Si bien la venta de suministros médicos a otra nación que los necesitaba desesperadamente es una cosa, aunque la especulación con la pandemia es solo otra demostración repulsiva de la codicia insaciable que anima a la administración Trump, muestra otra falla por completo en reemplazar las reservas mientras se vendían las existencias, a pesar de haber sido advertidos de que los estadounidenses seguramente necesitarían esos suministros extremadamente pronto. El informe dice:

“Los datos de importación que identificamos y revisamos también revelan que la Administración Trump no se preparó para COVID-19 y no protegió la salud de los estadounidenses. De enero a febrero, cuando Estados Unidos debería haber estado almacenando suministros médicos, el valor de las importaciones de ventiladores disminuyó en más del 10 por ciento. Los datos muestran un patrón similar con el PPE y los suministros de limpieza, que cayeron un 11,3%, más de $ 161 millones de enero a febrero de 2020, y máscaras N95 en particular, que cayeron un 14,2% “.

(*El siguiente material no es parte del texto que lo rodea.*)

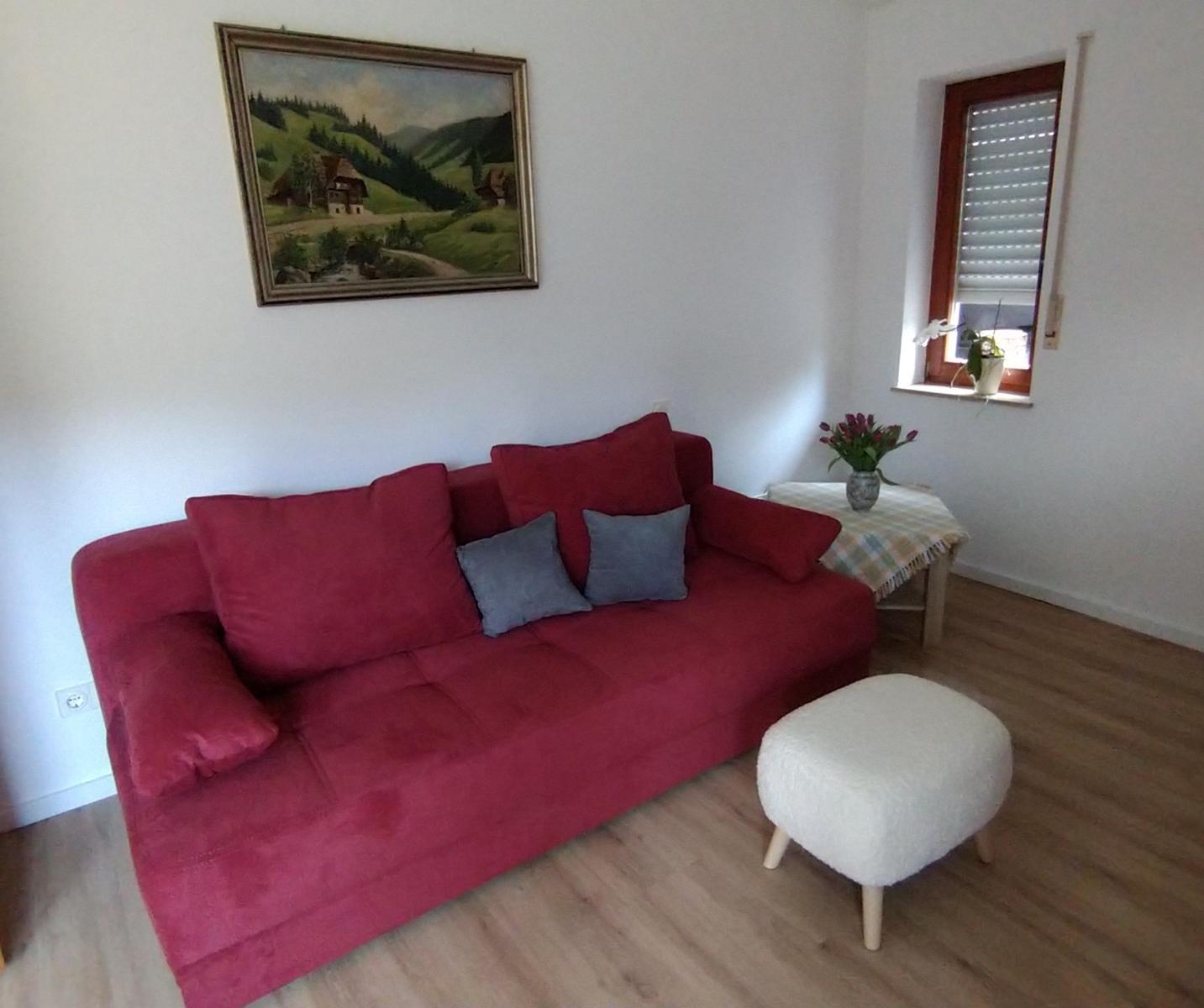 Ein Wohnzimmer mit rotem Sofa, grauen Kissen, weißem Hocker und Wandbild.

Además de todo esto, la administración Trump luego se inmovilizó invocando la Ley de Producción de Defensa para poner en marcha la producción de todos estos artículos necesarios, que tal vez no podamos producir en las cantidades requeridas hasta dentro de unos meses.

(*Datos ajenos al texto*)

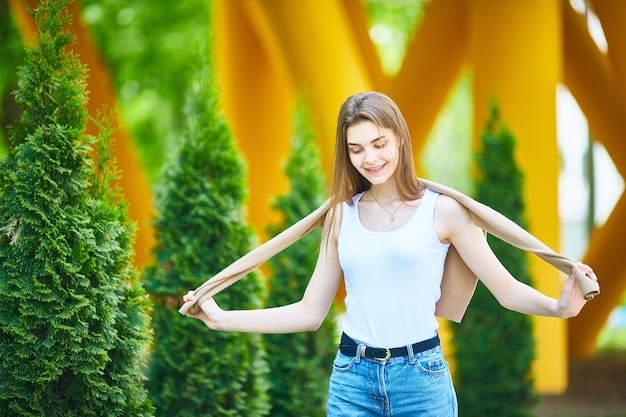 Young teenage woman walking down the street in jeans and a sweater on a summer day The concept of youth fashion Urban lifestyle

“El Secretario de Salud y Servicios Humanos (HHS) Alex Azar declaró una emergencia de salud pública el 31 de enero, pero no fue sino hasta seis semanas después, el 13 de marzo, que el presidente Trump declaró una emergencia nacional, que se requiere para desbloquear los poderes de la DPA. Trump luego esperó hasta el 25 de marzo, una semana más de retraso (y más conmovedoramente, por 675 muertes adicionales) después de su declaración de emergencia inicial, para emitir la Orden Ejecutiva 13910, permitiendo al Secretario Azar designar esos  suministros clave como “escasos”.

Pasaron dos días más antes de que la Administración afirmara que estaba emitiendo su primer pedido bajo la DPA, a General Motors para hacer ventiladores. Sin embargo, al 2 de abril, tres semanas y 5.600 muertes después de la declaración de emergencia inicial, no se había emitido dicha orden. En este punto, el público ha perdido la confianza en las afirmaciones de la Administración Trump sobre los pasos que están tomando para garantizar el acceso a suministros médicos, incluidos los límites a las exportaciones”.

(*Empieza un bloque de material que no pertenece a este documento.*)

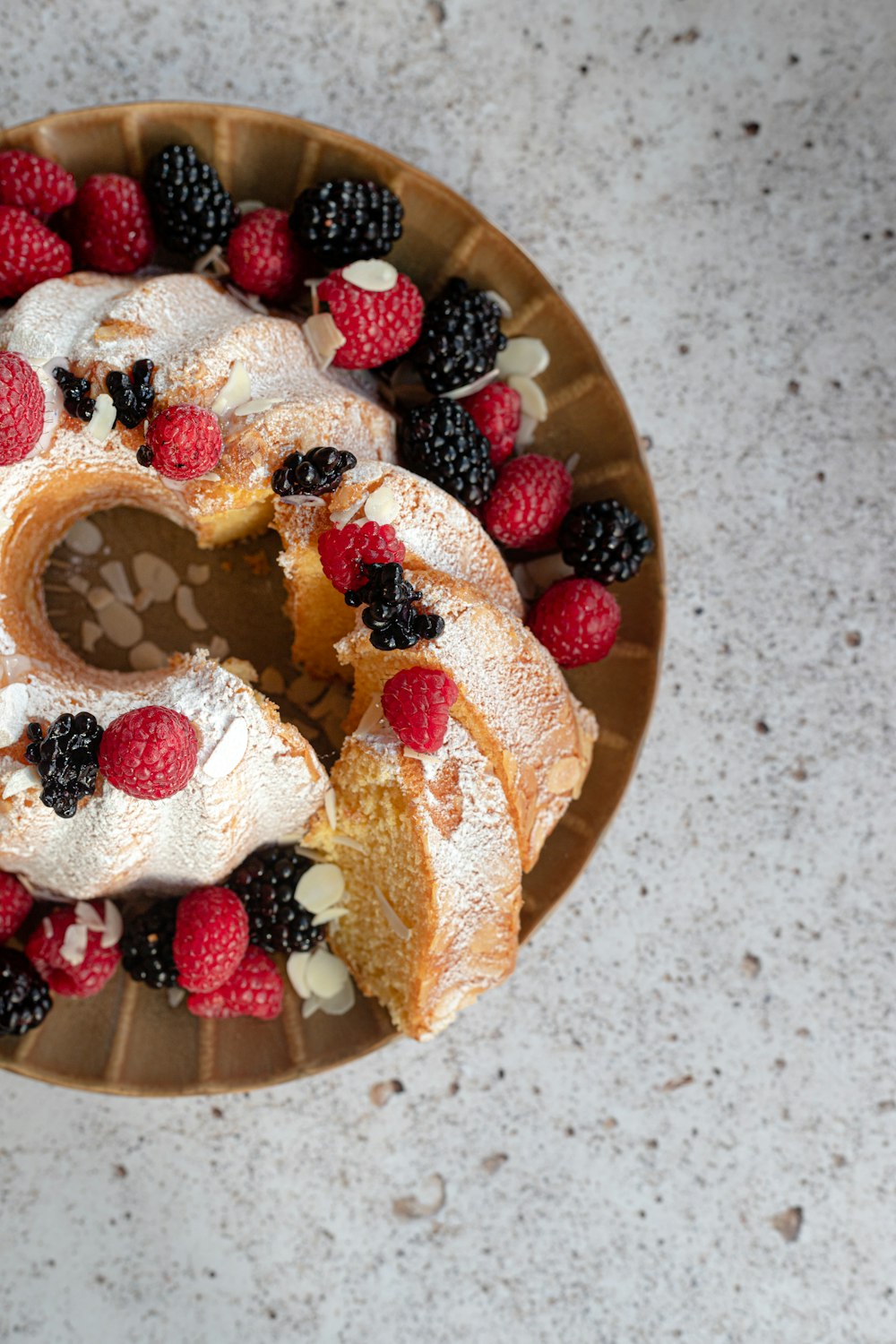 brown and white donut with strawberry and blueberry on top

Ayer, el número de muertos por el coronavirus alcanzó más de 10,000 vidas perdidas. ¿Cuántas de esas vidas se perdieron porque nuestra nación no estaba preparada para la crisis? ¿Cuántas vidas más se perderán porque la administración no prestó atención a las advertencias?

Cuando esto termine, se debe llevar a cabo una investigación criminal completa del Congreso contra la administración Trump y sus miembros. La justicia exige que nos aseguremos de que él y su equipo sean responsables de este tipo de negligencia asombrosa e inexcusable.